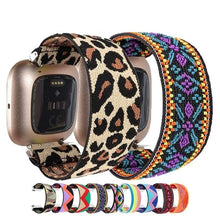 Load image into Gallery viewer, Nylon Elastic Fitbit Band For Versa, Versa 2, Versa Lite - 42 color options Axios Bands
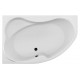 Акриловая ванна Aquanet Capri 160x100 L пристенная, асимметричная, объем 310 л.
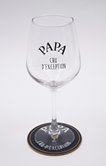 Coffret verre et sous-verre Papa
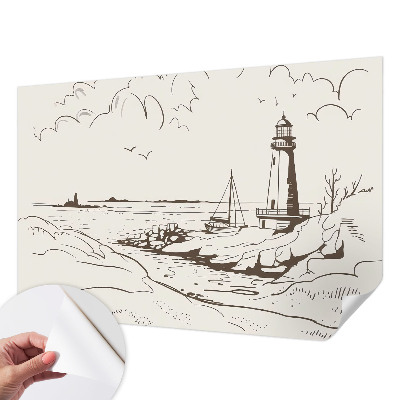 52D-Fototapete fürs Wohnzimmer Küstenlandschaft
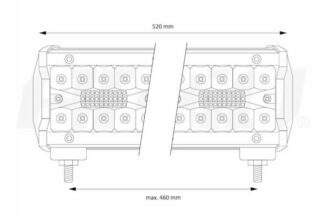 LED pracovní světlo 140 LED 9-36V 420W 42000lm 520x74mm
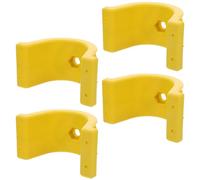 BELLIFFY 4pcs Heavy Duty Cable Tie Mount Clips Weather-Resistant Cable Tray Wire Holders with Stable Adjustable Base for Indoor and Outdoor Road Electrical Safety Management
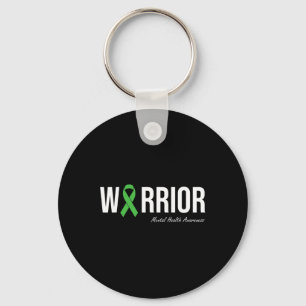 Mental Health Awareness Green Ribbon 2  Key Ring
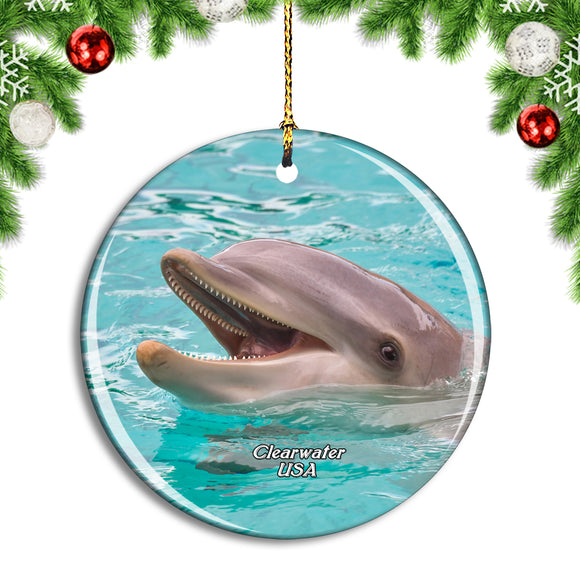 USA America Clearwater Marine Aquarium Christmas Ornament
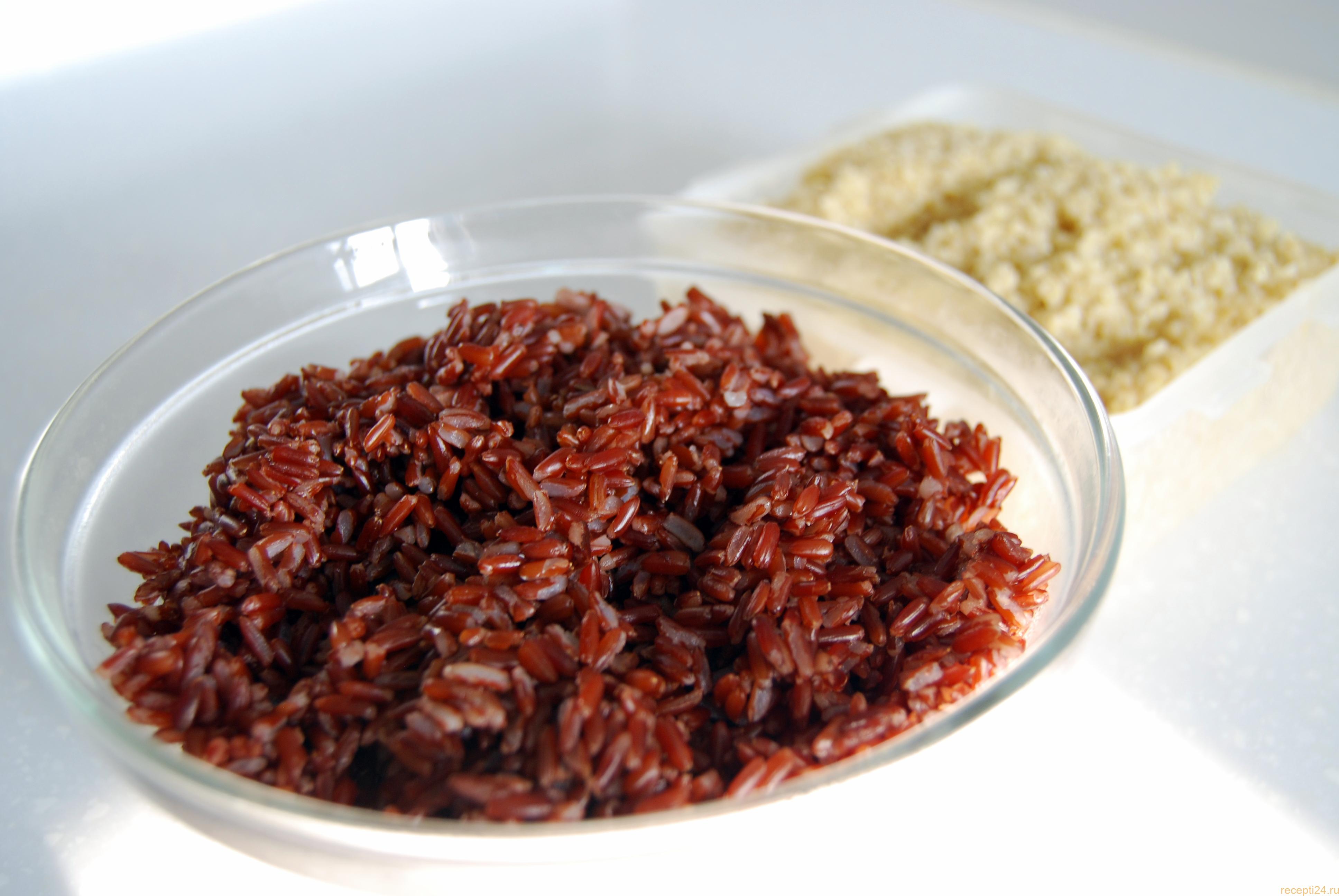 Красный рис: калорийность на 100 грамм, польза, вред, витамины, минералы – хорошие привычки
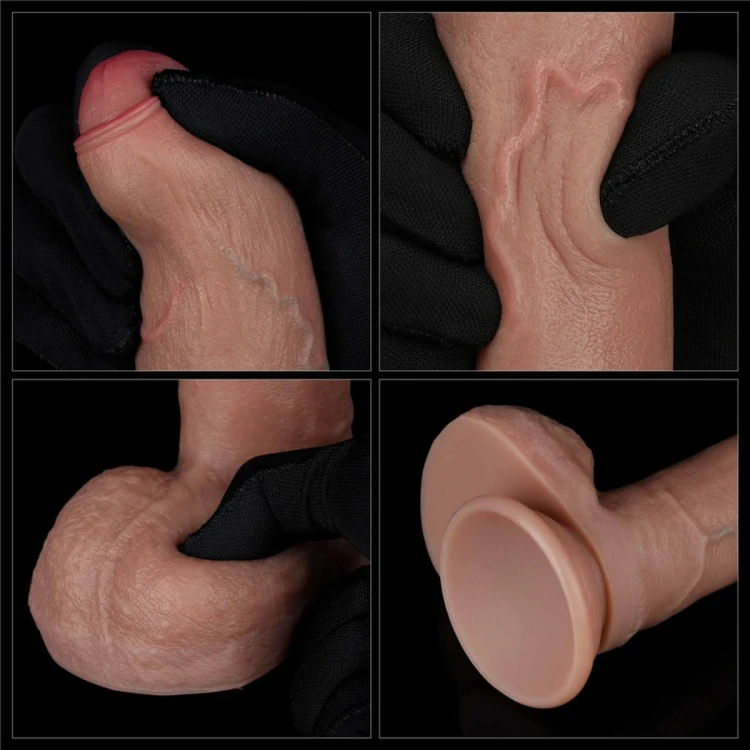 Naturalny penis z silikonu Premium  20,5 cm-1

**About this task:** Take the line with "BELLIFFY 4pcs Heavy" as the first line and the last line of the records above as the final one; reproduce exactly the lines between them, both included, without pictures.

**Result of this exercise:**
 BELLIFFY 4pcs Heavy Duty Cable Tie Mount Clips Weather-Resistant Cable Tray Wire Holders with Stable Adjustable Base for Indoor and Outdoor Road Electrical Safety Management
 Mental Health Awareness Green Ribbon 2  Key Ring
 USA America Clearwater Marine Aquarium Christmas Ornament
 Красный рис: калорийность на 100 грамм, польза, вред, витамины, минералы – хорошие привычки
 Naturalny penis z silikonu Premium  20,5 cm-1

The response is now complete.